Sementara itu, Carina Joe menjelaskan memang mungkin ada efek yang normal, mungkin ada pula efek yang agak berat. Namun menurutnya angka pembekuan darah, angkanya sangat rendah sekali. Ia mengatakan banyaknya empiris saat uji klinis, kita tidak menemukan adanya pembekuan darah. "Jadi kita sudah uji dari 20 ribu orang di Inggris, Afrika Selatan dan Belanda dan 50 ribu orang di AS. Kita tidak menemukan adanya efek samping pembekuan darah, karena angkanya sangat rendah sekali. Pada saat sekarang, kita sudah mendeteksi dini, bagaimana caranya mendeteksi gejala dari pembekuan darah tersebut, agar kita dapat memberikan pengobatan lebih awal. Jadi, tidak akan terlalu parah efek sampingnya. Saya juga divaksinasi AstraZeneca, kalau tidak ingin efek sampingnya seperti itu, dianjurkan dokternya meminum parasetamol," tandasnya.

Menangkal varian baru

Kini menyeruaknya varian baru COVID-19, masyarakat kembali dihantui kecemasan. Namun Carina menjelaskan, menurut data dari Inggris dan Kanada, vaksin yang sudah diterima di negara tersebut, masih sangat efektif untuk menanggulangi varian Delta. Efektivitas untuk mencegah ke rumah sakit, sakit yang parah, atau mencegah angka kematian di atas 90% ke atas.
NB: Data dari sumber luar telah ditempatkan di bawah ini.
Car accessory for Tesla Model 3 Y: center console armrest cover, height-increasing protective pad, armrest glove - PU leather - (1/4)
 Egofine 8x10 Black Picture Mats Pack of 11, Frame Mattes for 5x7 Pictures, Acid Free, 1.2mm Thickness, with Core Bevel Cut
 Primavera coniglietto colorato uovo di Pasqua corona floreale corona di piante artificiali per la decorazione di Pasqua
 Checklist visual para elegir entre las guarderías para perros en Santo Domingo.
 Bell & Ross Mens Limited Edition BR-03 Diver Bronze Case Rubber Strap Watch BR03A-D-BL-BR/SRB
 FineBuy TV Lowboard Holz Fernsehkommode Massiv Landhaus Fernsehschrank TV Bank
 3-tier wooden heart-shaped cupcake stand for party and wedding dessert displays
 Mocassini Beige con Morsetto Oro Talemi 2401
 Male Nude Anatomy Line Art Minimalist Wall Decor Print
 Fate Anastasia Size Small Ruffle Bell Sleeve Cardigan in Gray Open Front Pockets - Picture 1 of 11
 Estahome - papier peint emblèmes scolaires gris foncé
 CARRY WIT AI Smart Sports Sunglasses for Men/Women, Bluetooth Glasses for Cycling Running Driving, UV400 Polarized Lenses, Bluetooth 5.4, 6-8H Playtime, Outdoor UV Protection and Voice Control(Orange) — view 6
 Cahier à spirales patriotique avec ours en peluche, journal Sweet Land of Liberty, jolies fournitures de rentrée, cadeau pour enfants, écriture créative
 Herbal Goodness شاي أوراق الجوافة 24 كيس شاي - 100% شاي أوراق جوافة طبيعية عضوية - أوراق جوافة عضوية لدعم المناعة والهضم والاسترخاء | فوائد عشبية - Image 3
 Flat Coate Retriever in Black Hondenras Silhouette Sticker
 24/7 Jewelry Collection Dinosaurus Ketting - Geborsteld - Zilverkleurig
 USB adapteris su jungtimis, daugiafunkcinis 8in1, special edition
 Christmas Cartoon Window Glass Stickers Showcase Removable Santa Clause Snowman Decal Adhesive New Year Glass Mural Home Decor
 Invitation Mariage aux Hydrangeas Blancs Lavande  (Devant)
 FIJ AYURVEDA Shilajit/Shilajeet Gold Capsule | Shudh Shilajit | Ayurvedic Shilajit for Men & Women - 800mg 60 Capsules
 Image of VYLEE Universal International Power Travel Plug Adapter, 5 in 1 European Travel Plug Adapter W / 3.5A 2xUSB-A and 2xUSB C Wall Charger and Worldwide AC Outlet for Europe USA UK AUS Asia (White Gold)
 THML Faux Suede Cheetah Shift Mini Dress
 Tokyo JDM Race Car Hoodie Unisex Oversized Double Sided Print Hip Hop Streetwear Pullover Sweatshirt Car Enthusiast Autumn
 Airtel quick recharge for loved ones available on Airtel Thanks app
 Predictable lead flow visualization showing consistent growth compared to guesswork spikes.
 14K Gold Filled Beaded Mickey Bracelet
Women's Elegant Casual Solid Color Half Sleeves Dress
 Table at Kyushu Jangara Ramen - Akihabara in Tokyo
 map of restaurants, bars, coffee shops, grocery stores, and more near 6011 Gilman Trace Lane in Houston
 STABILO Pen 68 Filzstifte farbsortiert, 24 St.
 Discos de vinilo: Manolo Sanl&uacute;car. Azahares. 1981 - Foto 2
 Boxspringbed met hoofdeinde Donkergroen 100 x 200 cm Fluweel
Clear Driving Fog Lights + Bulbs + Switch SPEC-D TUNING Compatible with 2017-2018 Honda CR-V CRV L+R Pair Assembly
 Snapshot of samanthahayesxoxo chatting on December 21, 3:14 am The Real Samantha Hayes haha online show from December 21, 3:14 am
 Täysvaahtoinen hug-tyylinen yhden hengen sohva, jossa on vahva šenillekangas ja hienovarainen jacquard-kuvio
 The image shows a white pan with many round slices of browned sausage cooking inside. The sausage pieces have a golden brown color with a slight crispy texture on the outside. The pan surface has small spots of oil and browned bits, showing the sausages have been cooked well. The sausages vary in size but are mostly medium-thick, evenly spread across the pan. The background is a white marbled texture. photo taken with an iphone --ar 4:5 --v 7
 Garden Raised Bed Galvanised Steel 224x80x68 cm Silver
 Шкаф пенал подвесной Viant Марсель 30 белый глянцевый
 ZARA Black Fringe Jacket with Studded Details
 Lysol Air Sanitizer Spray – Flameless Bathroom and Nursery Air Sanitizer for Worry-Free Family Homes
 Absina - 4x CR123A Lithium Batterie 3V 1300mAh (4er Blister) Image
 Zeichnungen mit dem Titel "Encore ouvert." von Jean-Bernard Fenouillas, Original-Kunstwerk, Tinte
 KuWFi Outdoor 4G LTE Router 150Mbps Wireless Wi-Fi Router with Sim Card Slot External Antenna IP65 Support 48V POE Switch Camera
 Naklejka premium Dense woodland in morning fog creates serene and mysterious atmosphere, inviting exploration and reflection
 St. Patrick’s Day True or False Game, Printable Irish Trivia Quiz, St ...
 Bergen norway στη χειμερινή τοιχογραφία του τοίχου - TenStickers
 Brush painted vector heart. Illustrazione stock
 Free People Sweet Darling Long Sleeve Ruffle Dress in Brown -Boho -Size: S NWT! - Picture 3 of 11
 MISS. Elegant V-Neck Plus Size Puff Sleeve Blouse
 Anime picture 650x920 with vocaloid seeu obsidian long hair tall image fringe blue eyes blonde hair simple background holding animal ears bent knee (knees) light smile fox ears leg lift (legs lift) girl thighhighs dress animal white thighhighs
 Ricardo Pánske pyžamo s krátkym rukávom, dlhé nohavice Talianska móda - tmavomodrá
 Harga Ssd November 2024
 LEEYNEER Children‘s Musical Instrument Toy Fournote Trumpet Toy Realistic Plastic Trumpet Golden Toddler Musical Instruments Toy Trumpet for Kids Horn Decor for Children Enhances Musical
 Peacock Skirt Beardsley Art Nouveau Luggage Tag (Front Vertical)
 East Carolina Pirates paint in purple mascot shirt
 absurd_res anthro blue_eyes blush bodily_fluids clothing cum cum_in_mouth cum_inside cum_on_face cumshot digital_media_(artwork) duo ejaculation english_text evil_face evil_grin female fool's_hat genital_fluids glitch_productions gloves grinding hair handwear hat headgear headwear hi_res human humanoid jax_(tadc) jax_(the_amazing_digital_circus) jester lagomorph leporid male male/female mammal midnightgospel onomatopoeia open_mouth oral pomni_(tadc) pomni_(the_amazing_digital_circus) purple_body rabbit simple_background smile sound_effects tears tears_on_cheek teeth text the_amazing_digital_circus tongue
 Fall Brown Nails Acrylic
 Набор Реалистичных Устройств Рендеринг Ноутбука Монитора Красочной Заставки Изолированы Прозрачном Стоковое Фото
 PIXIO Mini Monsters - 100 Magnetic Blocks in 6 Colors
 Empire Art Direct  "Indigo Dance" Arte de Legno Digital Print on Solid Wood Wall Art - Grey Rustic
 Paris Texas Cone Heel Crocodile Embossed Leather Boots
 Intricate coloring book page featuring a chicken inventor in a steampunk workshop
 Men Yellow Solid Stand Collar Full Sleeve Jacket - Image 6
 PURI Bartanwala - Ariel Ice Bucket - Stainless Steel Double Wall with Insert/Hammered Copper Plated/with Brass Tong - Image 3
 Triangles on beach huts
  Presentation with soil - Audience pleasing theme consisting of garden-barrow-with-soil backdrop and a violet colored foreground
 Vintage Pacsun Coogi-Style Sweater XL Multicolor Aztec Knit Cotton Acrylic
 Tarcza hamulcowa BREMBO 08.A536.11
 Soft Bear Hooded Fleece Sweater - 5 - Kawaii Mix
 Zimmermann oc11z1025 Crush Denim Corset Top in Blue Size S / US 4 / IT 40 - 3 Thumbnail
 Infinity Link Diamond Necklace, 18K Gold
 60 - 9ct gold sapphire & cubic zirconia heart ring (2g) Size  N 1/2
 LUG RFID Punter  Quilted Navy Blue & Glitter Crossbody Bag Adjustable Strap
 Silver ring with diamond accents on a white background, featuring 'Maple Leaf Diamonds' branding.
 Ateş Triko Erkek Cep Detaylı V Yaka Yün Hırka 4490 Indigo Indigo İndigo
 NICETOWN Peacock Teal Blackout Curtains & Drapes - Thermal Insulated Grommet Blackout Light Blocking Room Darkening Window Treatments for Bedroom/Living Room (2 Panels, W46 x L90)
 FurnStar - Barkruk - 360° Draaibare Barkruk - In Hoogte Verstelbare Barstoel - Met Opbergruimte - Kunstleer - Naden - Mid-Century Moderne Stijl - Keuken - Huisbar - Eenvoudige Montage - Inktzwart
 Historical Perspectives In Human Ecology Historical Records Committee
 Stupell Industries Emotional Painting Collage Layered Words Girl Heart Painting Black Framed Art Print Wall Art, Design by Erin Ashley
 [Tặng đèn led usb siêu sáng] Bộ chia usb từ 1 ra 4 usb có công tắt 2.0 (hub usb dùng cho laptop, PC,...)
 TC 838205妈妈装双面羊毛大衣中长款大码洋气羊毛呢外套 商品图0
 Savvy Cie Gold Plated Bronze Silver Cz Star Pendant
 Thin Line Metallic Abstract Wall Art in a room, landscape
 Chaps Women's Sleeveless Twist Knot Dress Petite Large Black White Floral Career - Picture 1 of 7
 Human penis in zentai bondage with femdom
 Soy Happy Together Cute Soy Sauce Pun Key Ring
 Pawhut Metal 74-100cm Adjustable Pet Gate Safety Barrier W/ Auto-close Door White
Meski dikenal sebagai pakar vaksin, Carina Joe mengaku tidak tahu kapan pandemi COVID-19 kann berakhir. "Ttidak bisa memprediksi kapan pandemi ini akan berakhir. Jadi yang saya bisa, memberikan masukan dan saran kepada orang. Kalau pandemi ini ingin berakhir, masyarakat harus mengikuti protokol kesehatan dari Pemerintah dan mengikuti program vaksinasi. Hal tersebut adalah cara kita untuk keluar dari pandemi," pungkasnya.